Ghost Stories: Yokai

The Museum of International Folk Art is a popular attraction for visitors to Santa Fe, but it has not been my favorite museum in town.  However, they have an exhibition up now that is well done and really fun. It is called, Yōkai: Ghosts & Demons of Japan and was organized by Felicia Katz-Harris curator of Asian Folk Art. 

The exhibition was a happy surprise even though I was never one who enjoyed ghost stories, probably conditioned by scary stories at camp.  Why people enjoy being scared, I never understood, but they do.  I avoid horror movies at all costs!

In the introductory label Katz-Harris explains “In many Japanese folktales, Yōkai appear at borders on bridges at dusk and between villages.  In popular culture they live on the boundary between belief and amusement, fear and fun.”  Just as you might laugh in a horror movie and sometimes not even know why. So, just like in the Western world, in Japan the Yōkai can be scary and also sometimes amusing.

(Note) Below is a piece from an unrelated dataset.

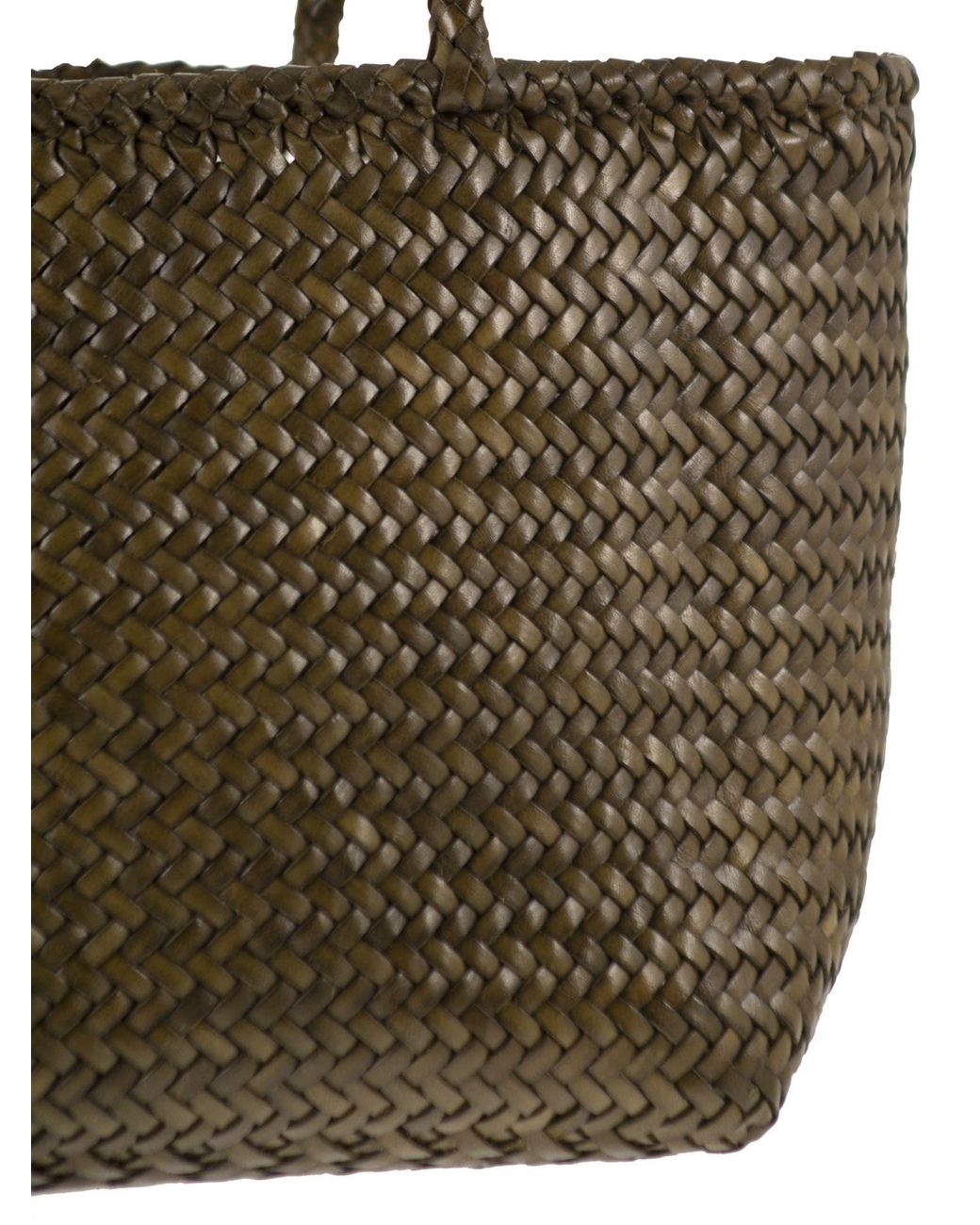 Dragon Diffusion Green Grace Small Basket Bag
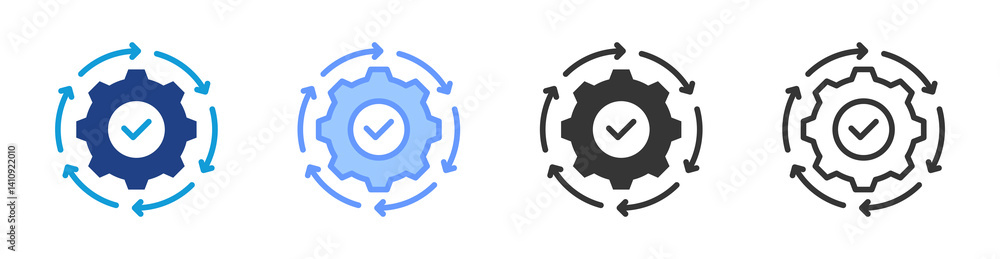 Poster Effectiveness icon set multiple style collection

The show has all kinds of Yōkai.  From what I have learned it would be impossible to amass a list of all the different ones in a similar manner that it would not be possible to list all the different kinds of  monsters in Western cultures   The first one in the exhibition is by Kōno Junya who is referred to as a Yōkai artist.  He sees himself acting as an ambassador and he wants Americans to see “how much fun Yōkai are in Japan”. His huge paper maché sculpture is called Oa Bōzu or Blue Monk. The second illustration here shows the artist with his sculpture.

A really truly macabre piece in the show is a an exquisitely painted 17th century scroll lent by the Mineapolis Museum of Art . It illustrates Shuten Dōji whose  most gruesome characteristic is their appetite for human flesh. These  demonic creatures charm, kidnap, enslave and eat men, women and children.

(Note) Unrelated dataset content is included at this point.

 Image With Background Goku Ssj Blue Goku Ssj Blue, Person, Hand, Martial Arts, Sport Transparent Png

The Tanuki ceramic figure which is dated 1975 but the artist is not known certainly qualifies as the humorous side of the Yōkai.  If he were soft, I could see a child taking it to bed instead of their teddy bear!

Ningyō Jōruri is a regional style of puppet theater which takes place in the open air.  Three puppeteers are needed to operate this life-size puppet; one each for the head, hands and feet. The artist, Amari Yōichirō, is well known for making these puppets and enjoys working on the figures.  The puppet has a serene expression on her face but then the teeth come out as you will see in the very short video it reminds me of Northwest Coast Native American transformation masks.  This Kiyohime, scorned woman, was made in 2019 but performances of the legend date back to the Edo period (1603-1867).

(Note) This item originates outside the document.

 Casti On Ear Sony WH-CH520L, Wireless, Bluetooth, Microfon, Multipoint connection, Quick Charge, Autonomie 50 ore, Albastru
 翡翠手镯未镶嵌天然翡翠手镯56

You will have no trouble recognizing this figure from the Kabuki  theater, not too different from our Casper, the friendly ghost. This character, called Oiwa, is far from friendly.  She is a wife driven to suicide after her husband disfigures her so he can marry another woman. Oiwa comes back to haunt him for the rest of his life.

White Hannya is another figure of a woman transformed by jealousy and rage. This female demon comes from the formal masked dance dramas of Noh theater.

Clearly the subject of Yōkai can be studied in a great deal of depth.  There are so many different ones that have significance in different parts of Japan.  This show, which even includes a mini amusement-park-style house of horrors aka a fun house, peopled with life-sized Yōikai who respond to your passing by, provides a perfect introduction to the subject.